= Dead rubber =

Sporting term

Dead rubber is a term used in sporting parlance to describe a match in a series where the series result has already been decided by earlier matches. The dead rubber match therefore has no effect on the winner and loser of the series, other than the total number of matches won and lost and the statistics of the players. Dead rubber matches are not played in all sports and competitions; once one side has clinched a series win, any remaining matches may be scratched.

The term is used in Davis Cup and Billie Jean King Cup tennis, as well as in international cricket, field hockey, chess, the FIFA World Cup, UEFA Champions League, Rugby World Cup and the State of Origin series.

For example, in a Davis Cup series, each pair of competing countries play five matches (rubbers) where the winner is decided on a best-of-five basis. Once one team has reached three victories, the remaining match or matches are said to be dead rubbers. International Tennis Federation's last revision of the competition policies on dead rubbers is from 2011.

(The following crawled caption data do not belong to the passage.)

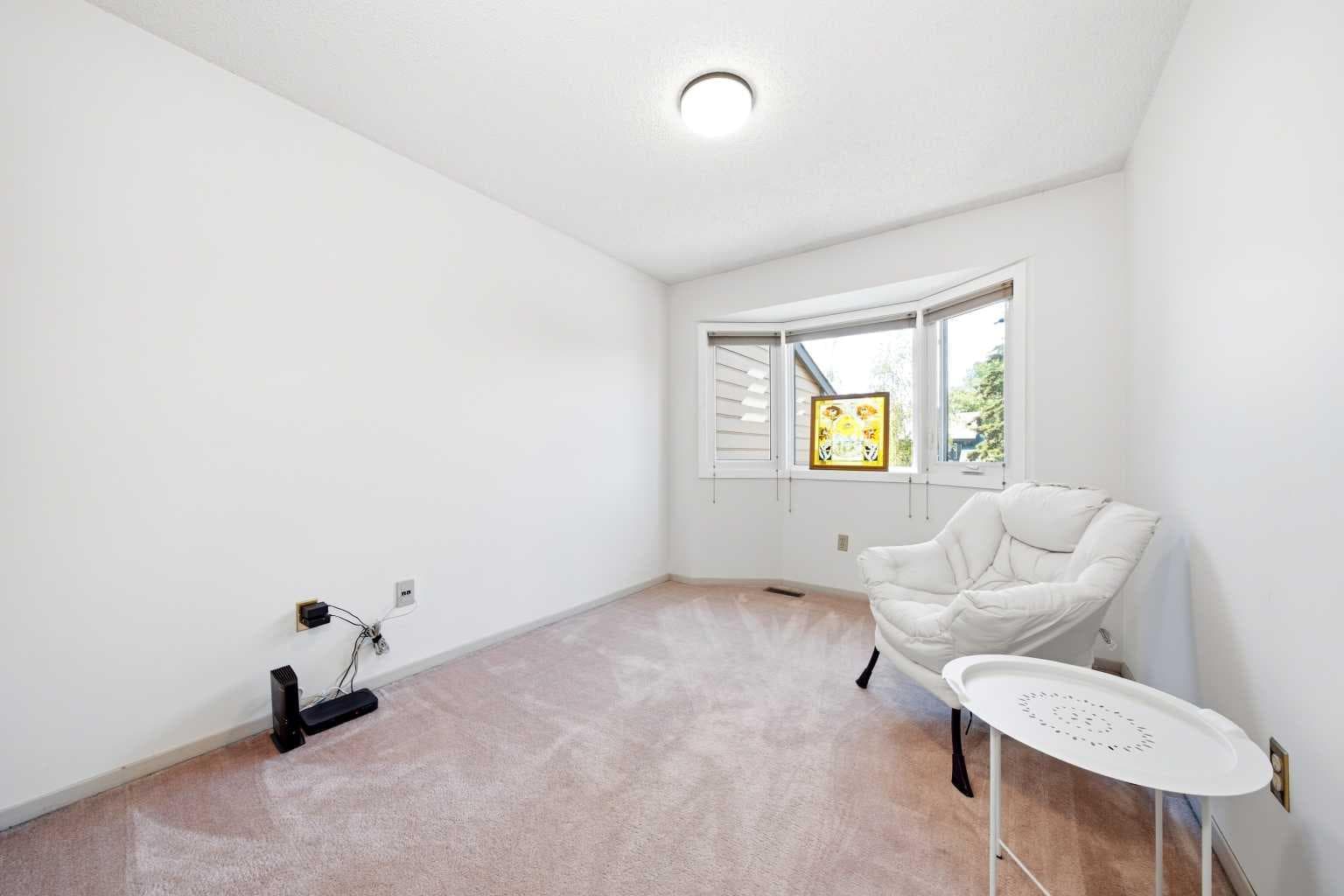 104, 23 Glamis Drive SW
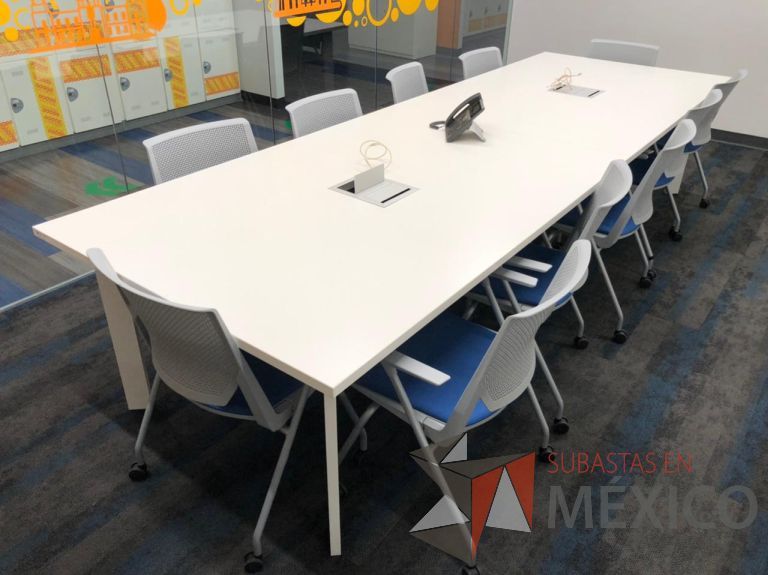 Lote 179 - Mesa de sala de juntas para 12 personas con accesorios para conexión, cubierta en 2 secciones - Imagen 3
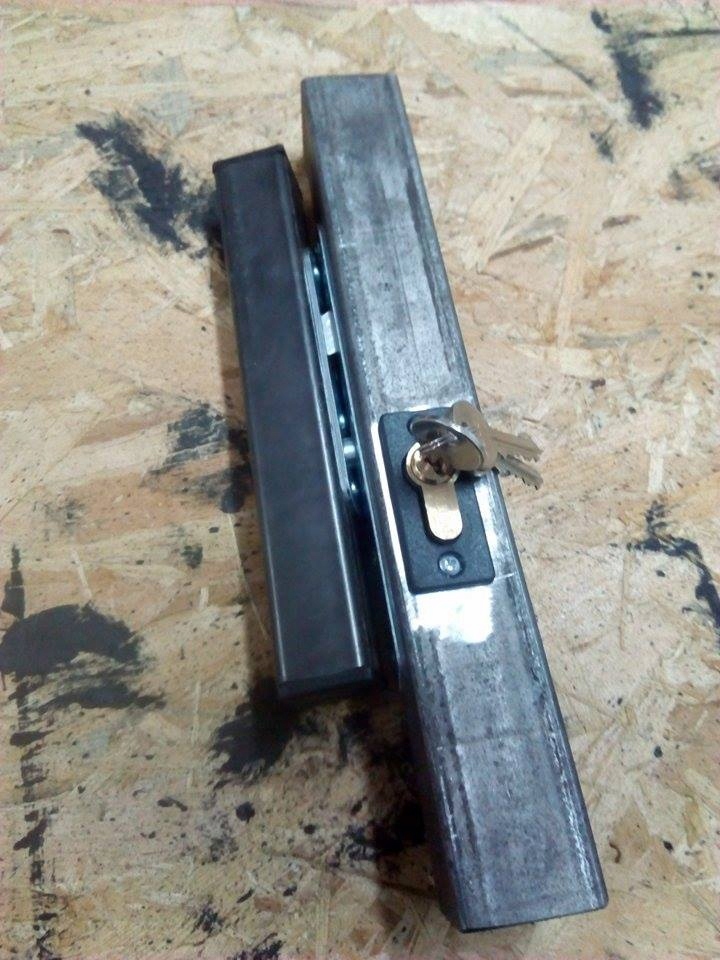 KASETA 40X40 Z ZAMKIEM HAKOWYM do bramy przesuwnej Kod producenta 003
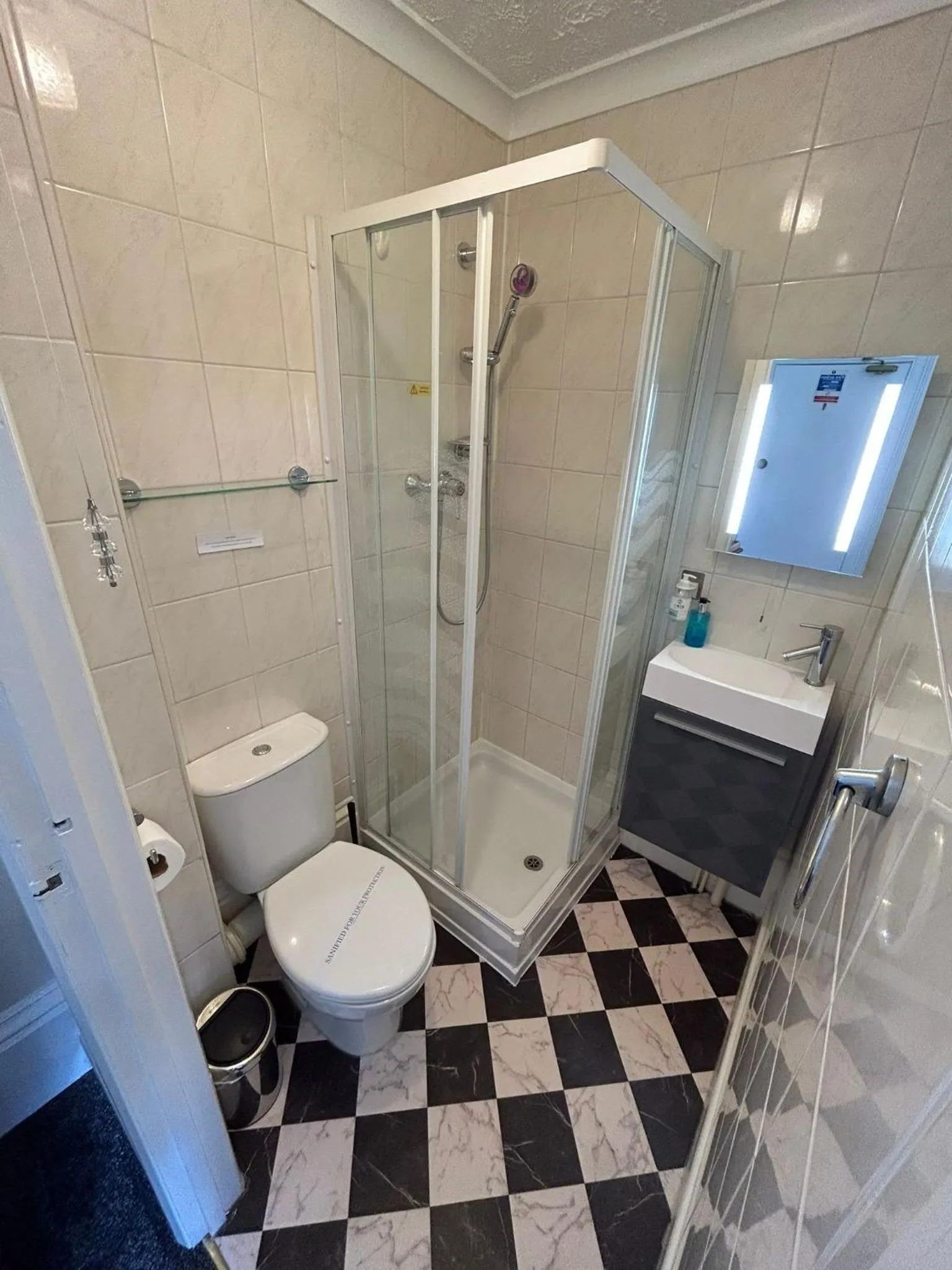 Bathroom in The Lyndhurst Guest House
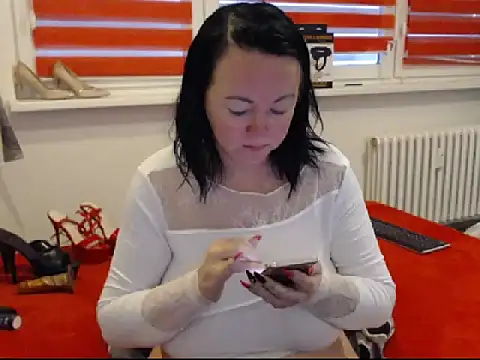 Snapshot of Alexie33 chatting on 02-22-25, 08:18 Alexie33 online show from 02-22-25, 08:18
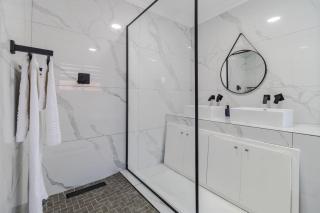 Boutique Hotel-Style Room In Ferndale-B2 - 5
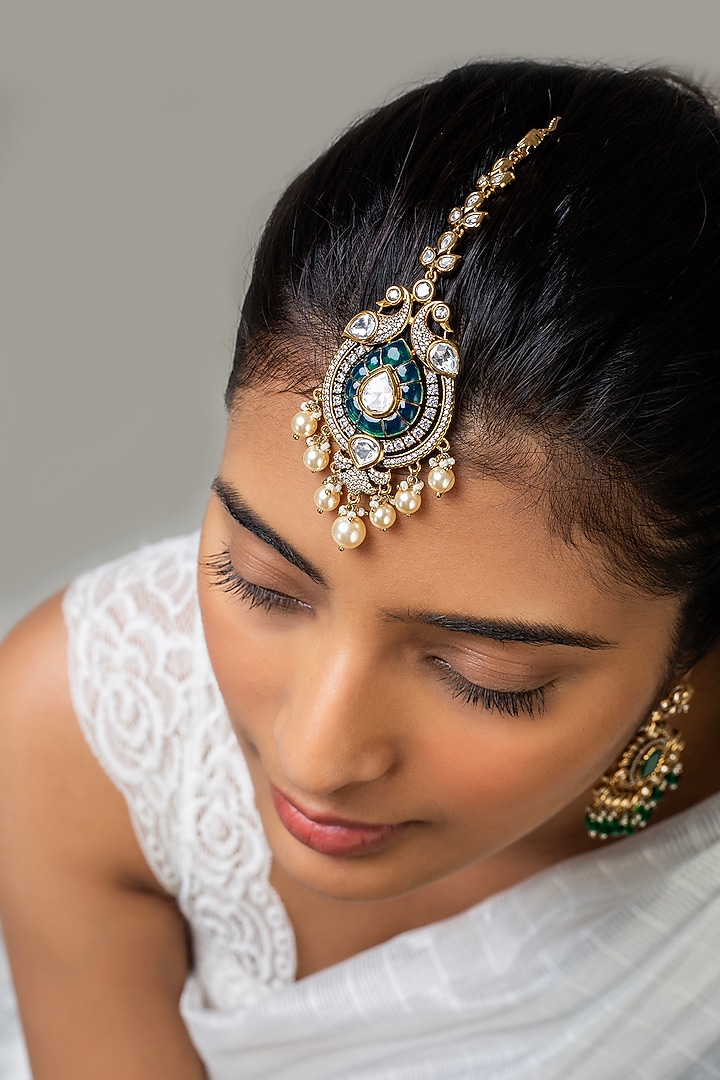God Finish Kundan Polki & Green Stone Maangtikka by Zevar King at Pernia's Pop Up Shop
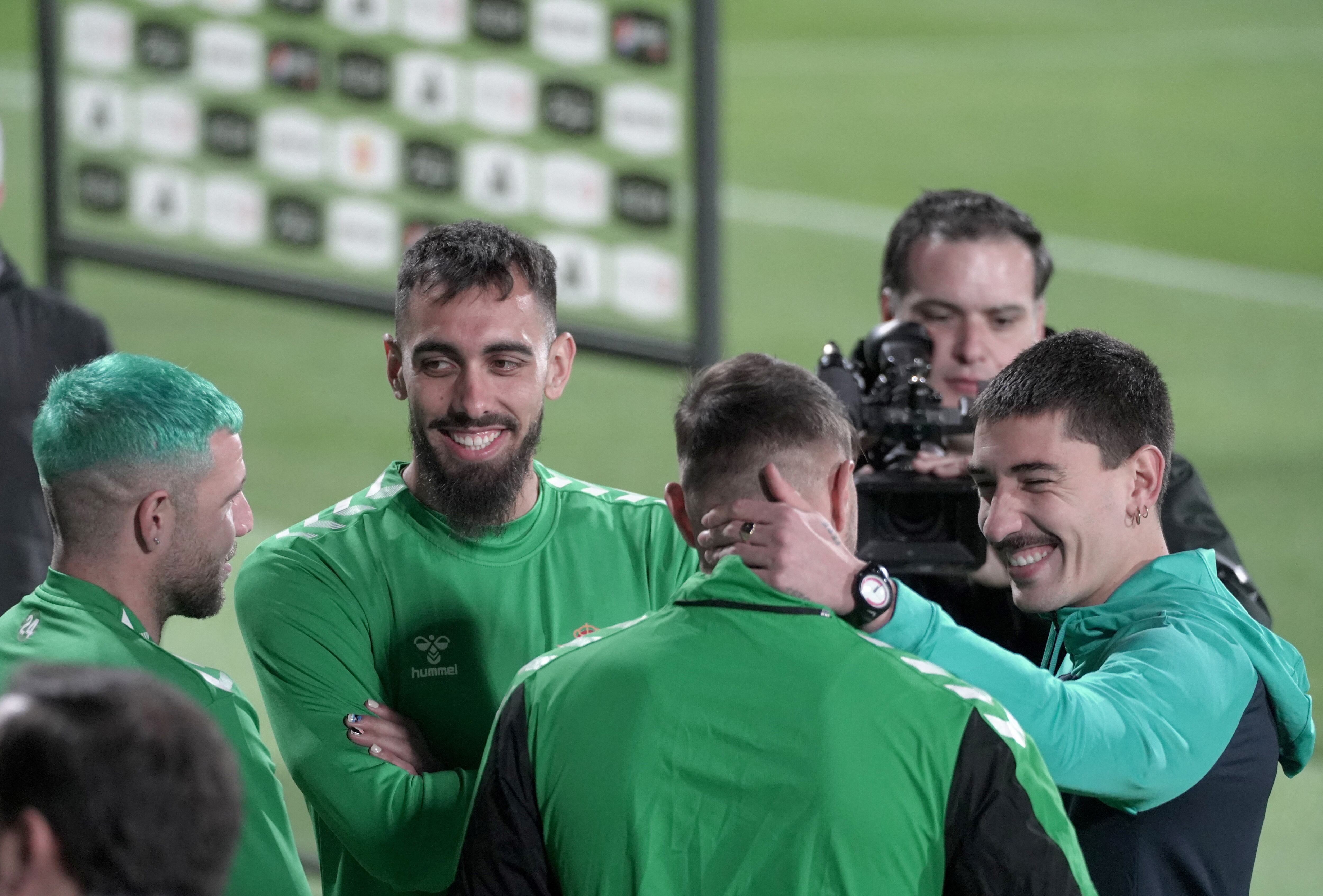Soccer Football - Spanish Super Cup - Real Betis training - Al Hilal Football Club, Riyadh, Saudi Arabia - January 11, 2023  Real Betis' Borja Iglesias and Hector Bellerin during training   REUTERS/Mohammed Benmansour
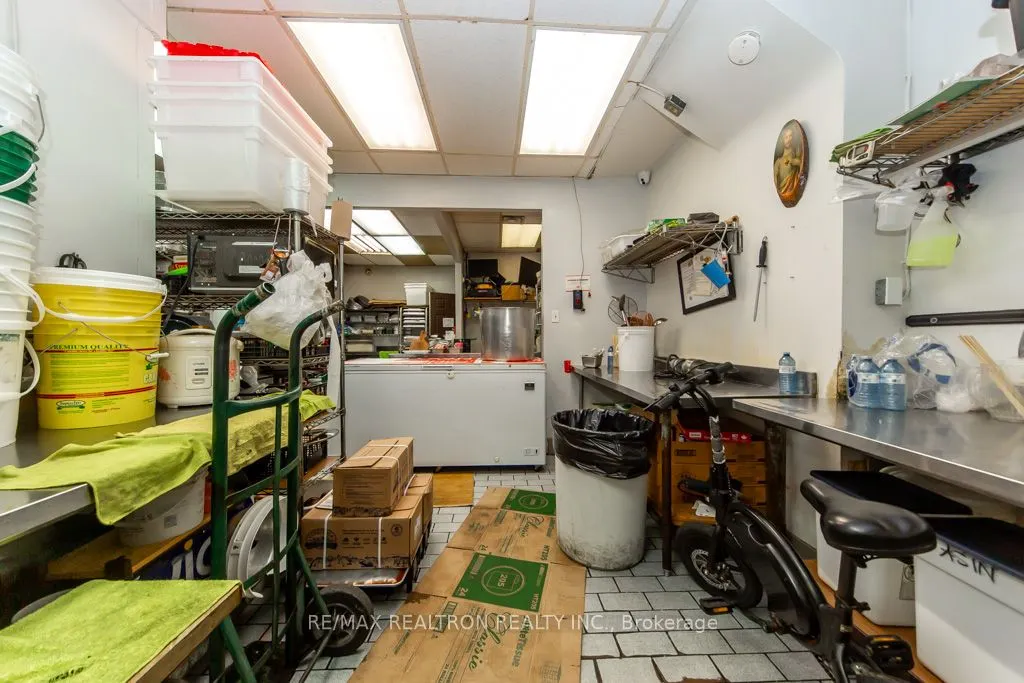 373 & 375 Wilson Avenue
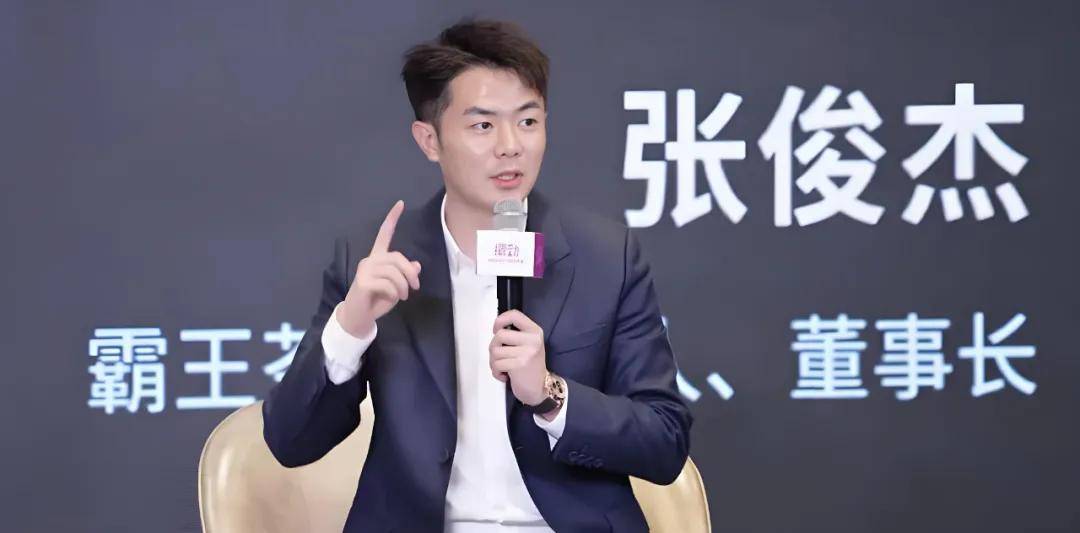 星巴克的腰，终于被“穷鬼年轻人”压弯了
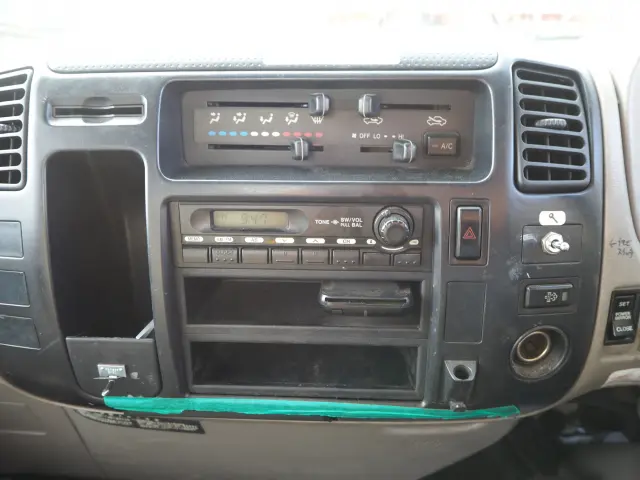 日野 デュトロ BDG-XZU304X(2WD)の写真47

Since the result of a dead rubber has no impact in determining the winner of a series, dead rubbers are typically played in a less intense atmosphere, often allowing the team that has lost the series to obtain a match win. Sometimes, second-string players who have not played many matches in top-level competition are given the opportunity to play a dead rubber in order to gain experience, which makes completing a clean sweep of a series less likely.